Where is Abe when he’s not with Peggy? How did Lane and his bunny spend their days? Does everyone hate Harry Crane? Even viewers who don’t care about the social milestones Mad Men barely mentions will care about those answers. There is a much bigger story to tell in the Mad Men universe. If Matthew Weiner doesn’t want to tell it, then we need to find his black counterpart who does. Much as All In The Family spawned The Jeffersons, Mad Men is poised to start at the bottom and take us to the top. The stars of Mad Men deserve the careers the show has brought them. These are talented actors delivering more than casual entertainment. (John Slattery is a director I’d love to see helm the new production.) Yet Mad Men is full of stars the evening talk shows barely notice. Deborah Lacey carried a huge emotional weight in her scenes with January Jones. Teyonah Parris lights up the screen when she smiles.

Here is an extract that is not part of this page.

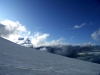 eiswelten.jpg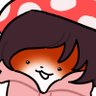 Фото профиля 🎮43Dark_Nero🦊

Why We Need A Black Mad Men may be the most predictable blog title I’ve ever written, so why don’t we have that show? The talent is there. The story’s frame is there. All we need to do is turn the camera away from SCDP and into the street Don looked down upon during the riots. All we need to do is follow Dawn when she picks up her purse and walks out the door. All we need to do is see where Carla goes after Betty Draper discards her. All we need to do is recognize that not having it is a symptom of the freedom to define historically accurate as a very narrow slice of fetish. We need a black Mad Men because we’re not Bert Cooper.